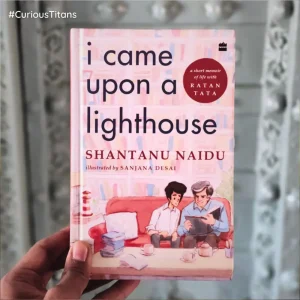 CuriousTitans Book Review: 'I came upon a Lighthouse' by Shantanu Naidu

==

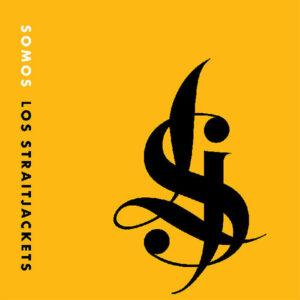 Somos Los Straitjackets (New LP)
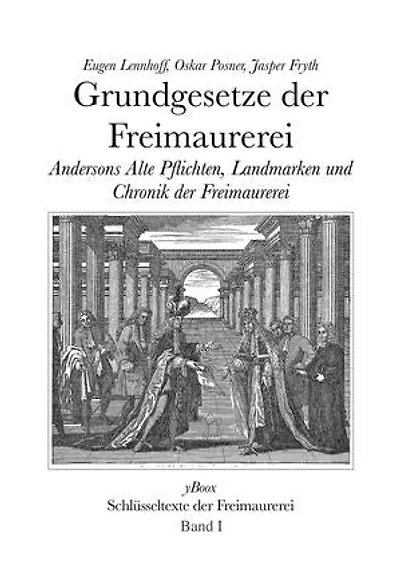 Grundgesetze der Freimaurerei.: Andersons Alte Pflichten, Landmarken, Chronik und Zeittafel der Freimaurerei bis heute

▸ What is needed
Only one stretch of the material above is wanted: the line containing "Somos Los Straitjackets (New LP)" through the line containing "Grundgesetze der Freimaurerei.: Andersons". Restate it word for word, minus the pictures.

▸ Answer to the problem
 Somos Los Straitjackets (New LP)
 Grundgesetze der Freimaurerei.: Andersons Alte Pflichten, Landmarken, Chronik und Zeittafel der Freimaurerei bis heute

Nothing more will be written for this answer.